The Stoners—Jean, Gene, Patty, and Michael—had moved to a small white stucco house on a corner lot in Westchester, a neighborhood adjacent to Los Angeles International Airport. Westchester had wide streets, palm trees, and ranch-style homes. Stoner spent a lot of his time in the detached garage behind the house. The Stoner family car was never parked inside. The little building was Stoner’s gun lab. Inside, he stored tooling machines to cut, bore, and grind parts. He refused, despite his wife’s pleading, to move closer to the beach because he worried sand and salty air would ruin them. His daughter Patty remembered seeing prototypes of guns alongside piles of mechanical drawings when she wandered into the garage.
“He was a very quiet person,” Jean said. “But if you talked about guns, cars, or planes, he’d talk all night.”
In many ways, Stoner was a quintessential American male.
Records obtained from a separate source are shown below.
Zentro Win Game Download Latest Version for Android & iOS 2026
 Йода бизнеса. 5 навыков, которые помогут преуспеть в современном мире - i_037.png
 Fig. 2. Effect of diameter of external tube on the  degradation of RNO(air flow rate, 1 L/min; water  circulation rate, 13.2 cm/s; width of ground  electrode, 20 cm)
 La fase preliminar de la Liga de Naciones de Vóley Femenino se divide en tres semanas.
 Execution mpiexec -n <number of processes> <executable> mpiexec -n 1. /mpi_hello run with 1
The 1950s was the decade of the hobbyist inventor. Popular Mechanics magazine found lots of readers like Stoner who wanted to know about the latest advances in technology. They believed they could move the country forward with the power of their ingenuity—and strike it rich in the process. Every day after returning home from work, Stoner would eat the dinner that Jean had prepared (beef Stroganoff was his favorite), take a quick nap, and then walk to the garage to work on his guns.
“We were like the 1950s family. It was California. It was booming after the war. All the aerospace was booming,” said daughter Susan, who was born in 1954. “I knew from my dad, I felt from him, the future was wide open.”